What the task asks – Exactly as written, print out each entry in the data, with no pictures.

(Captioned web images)

-- Opening Marker --

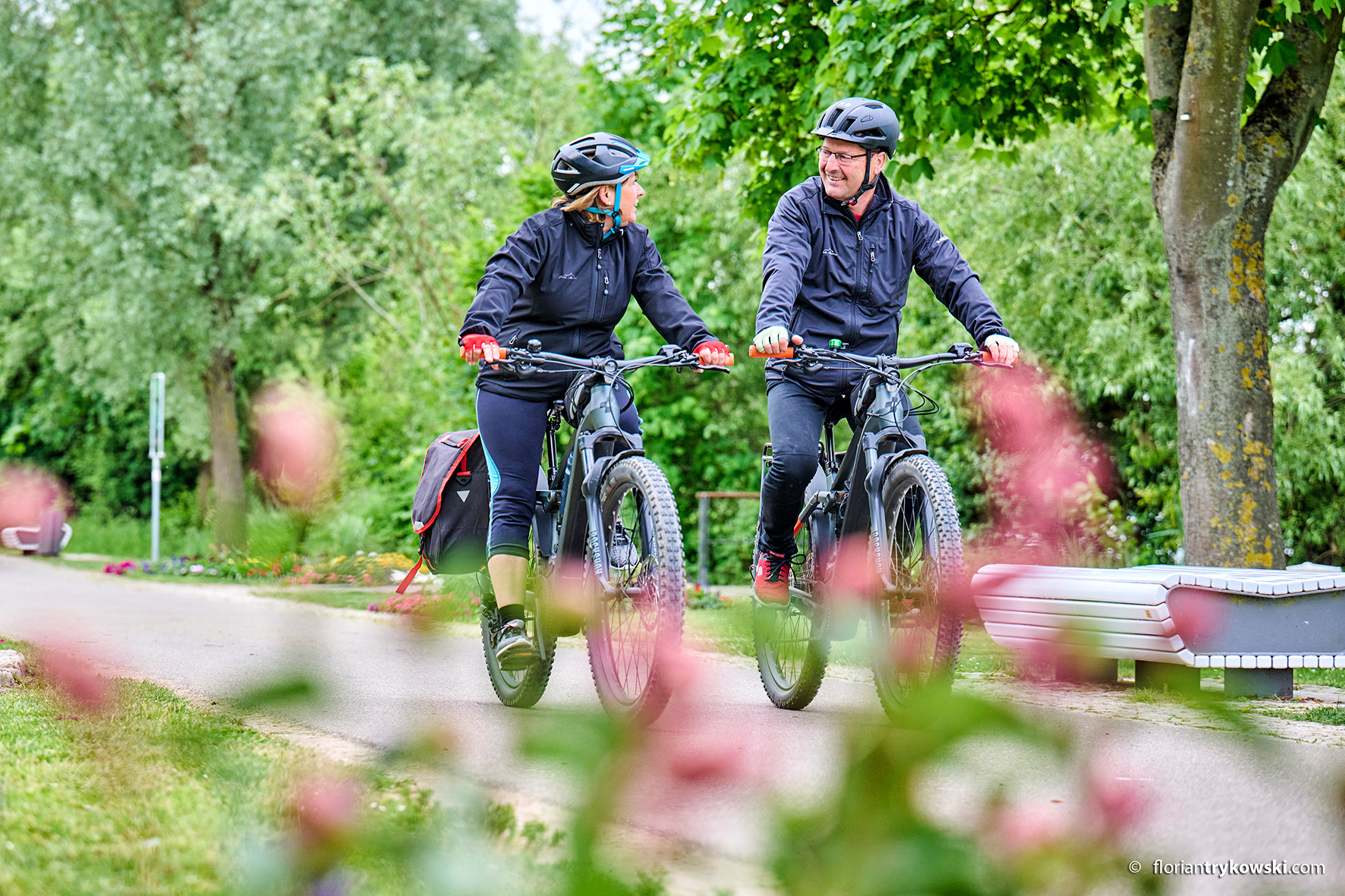 Two people cycling along the Main cycle path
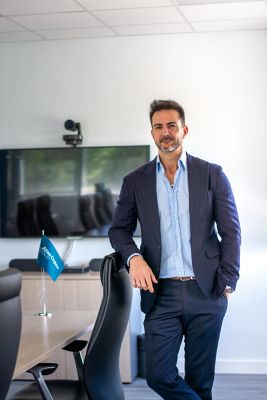 Alfonso Marin Standing in the board meeting room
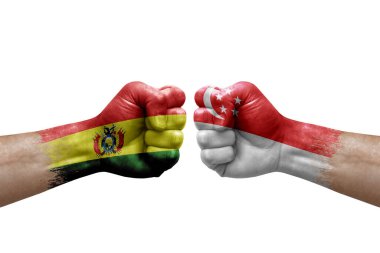 Two hands punch to each others on white background. Country flags painted fists, conflict crisis concept between bolivia and singapore
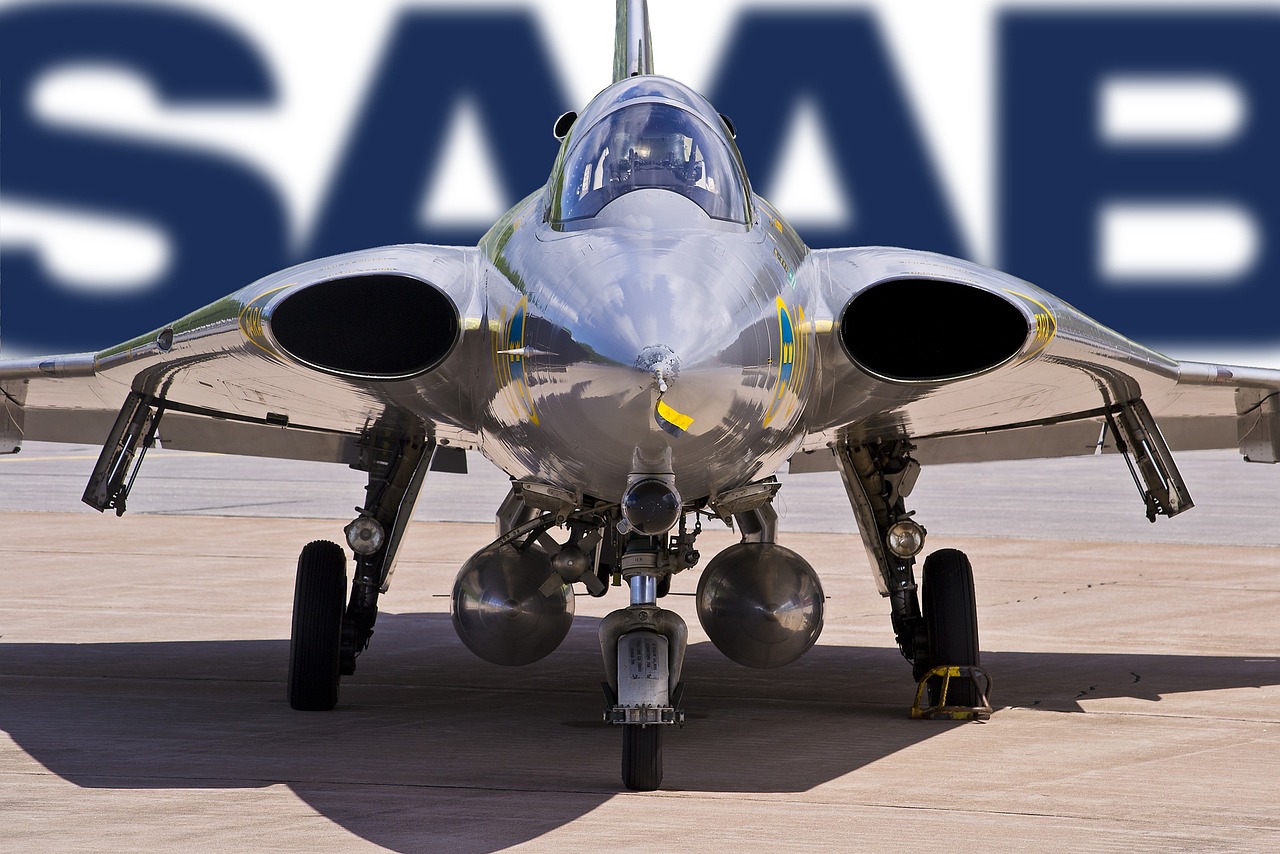 a silver fighter plane on a runway next to the sas sign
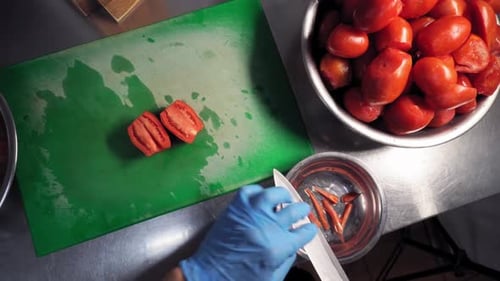Overhead View of Chef Cutting Tomatoes on Board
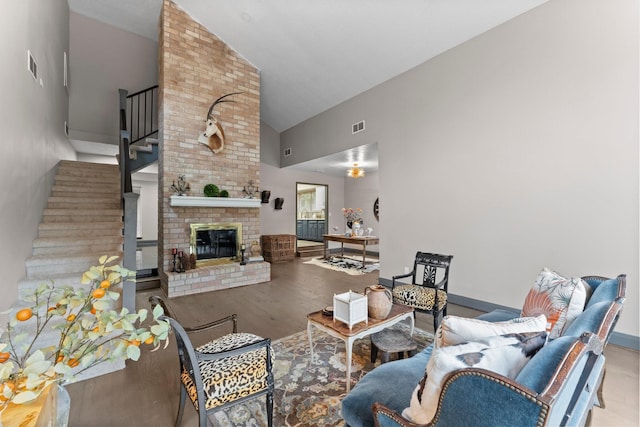 living room featuring visible vents, high vaulted ceiling, wood finished floors, stairway, and a brick fireplace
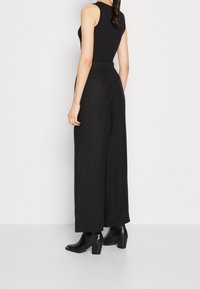 Černý top bez rukávů spárovaný s širokými černými kalhotami. Kalhoty mají vysoký pas a hladkou texturu, doplněné o černé boty na podpatku.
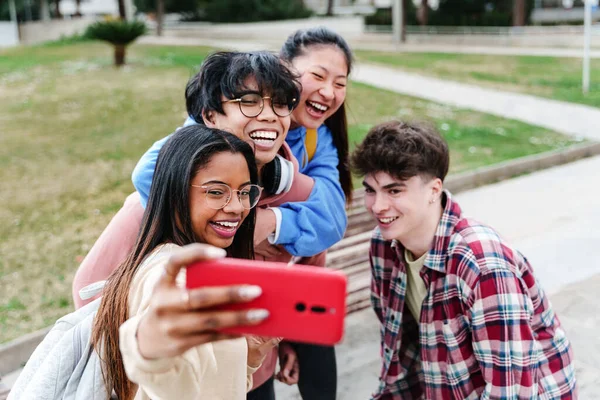 College Student Friends having fun laughing and taking a selfie photo on smartphone to celebrate friendship – stockfoto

-- Closing Marker --

Response –
 Two people cycling along the Main cycle path
 Alfonso Marin Standing in the board meeting room
 Two hands punch to each others on white background. Country flags painted fists, conflict crisis concept between bolivia and singapore
 a silver fighter plane on a runway next to the sas sign
Overhead View of Chef Cutting Tomatoes on Board
 living room featuring visible vents, high vaulted ceiling, wood finished floors, stairway, and a brick fireplace
 Černý top bez rukávů spárovaný s širokými černými kalhotami. Kalhoty mají vysoký pas a hladkou texturu, doplněné o černé boty na podpatku.
 College Student Friends having fun laughing and taking a selfie photo on smartphone to celebrate friendship – stockfoto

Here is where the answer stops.